Revista Rua


"Pra tá aqui tem que montar, desmontar e carregar". Mobilidade, território e cotidiano do trabalho na feira de artesanato da Avenida Beira-mar, Fortaleza (CE)
"To be here one has to assemble, to disassemble and to carry": Mobility, territory and labor quotidian in the craft fair, on Beira-mar Avenue, Fortaleza (CE)

Luiz Antonio Araújo Gonçalves

Haesbaert (2007, p.7) esclarece que a territorialidade torna-se algo mais amplo do que território, de modo que “a todo território corresponde uma territorialidade, mas nem toda territorialidade implica na existência de um território”. Assim, enquanto o território pressupõe uma base material, concreta, a territorialidade implica em um “[...] referencial territorial (simbólico) para a construção de um território, que não obrigatoriamente existe de forma concreta”.
O cotidiano da feira, nesse sentido, também é marcado pelo movimento dos vendedores ambulantes no calçadão que revela uma territorialidade conflituosa entre estes e os feirantes. Dentre outros fatores, isso se dá pelo fato de o feirante ter que recolher taxas à municipalidade em função da ocupação do espaço público, diferentemente do vendedor ambulante que está “livre” dessa obrigação. Nesse embate, manifesta-se a dimensão do território com a demarcação de fronteiras nem sempre visíveis a olho nu, mas percebida no movimento dos corpos, dos olhares e acordos forjados no espaço vivido para uma convivência menos irascível.

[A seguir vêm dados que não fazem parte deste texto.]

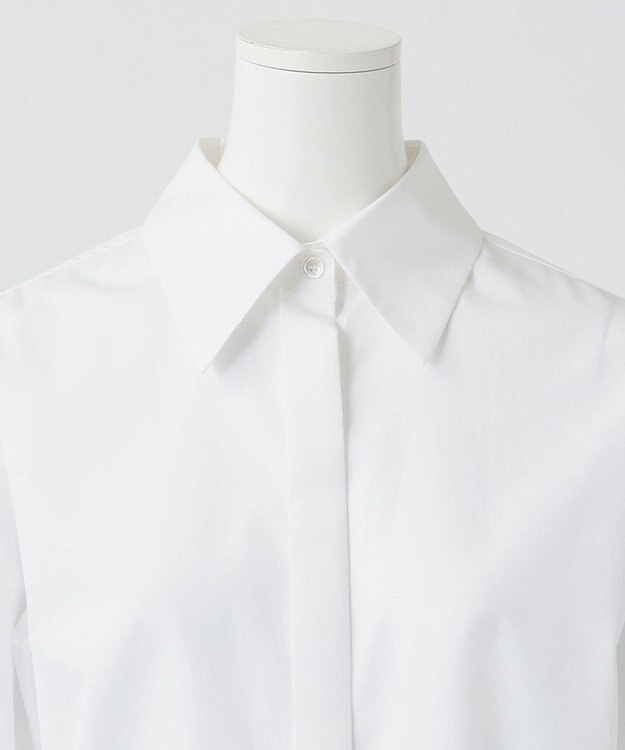 23区 L 【エステータ】THOMAS MASON シャツ ホワイト系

Por outro lado, os vendedores ambulantes, inseridos na área do calçadão, no entorno da feira, estabelecem territorialidades mediante uma mobilidade compulsória. Para permanecerem naquele espaço, muitos ambulantes utilizam o próprio corpo como marco de sua territorialização para vender seus produtos diante da impossibilidade de fixação e imposição de sua mobilidade pelo poder público.
A condição de instabilidade constante e da imposição do movimento, todavia, fez com que estes trabalhadores, ante a necessidade de sobrevivência, buscassem traçar estratégias espaciais no sentido de resistir à norma urbana e permanecer trabalhando no calçadão.

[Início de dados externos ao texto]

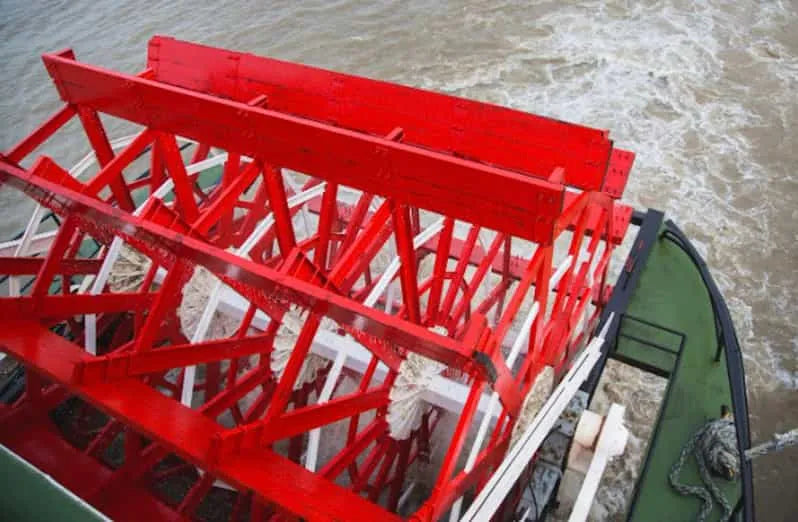 New Orleans-i hajókirándulás választható brunch-szal és lenyűgöző folyóparti kilátással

          Haesbaert (2006, p.236-237), nesse sentido, defende uma concepção mais dinâmica de território em que se pode falar em uma territorialização no movimento, reconhecendo que a “[...] territorialização pode ser construída no movimento, um movimento sobre o qual exercemos nosso controle e/ou com o qual nos identificamos”. Entende-se que esses trabalhadores, feirantes e vendedores ambulantes, se territorializam pelo movimento, tanto pelo movimento de montagem e desmontagem das barracas da feira quanto pelo movimento dos ambulantes no calçadão, lado a lado de uma fiscalização que não lhes permite parar.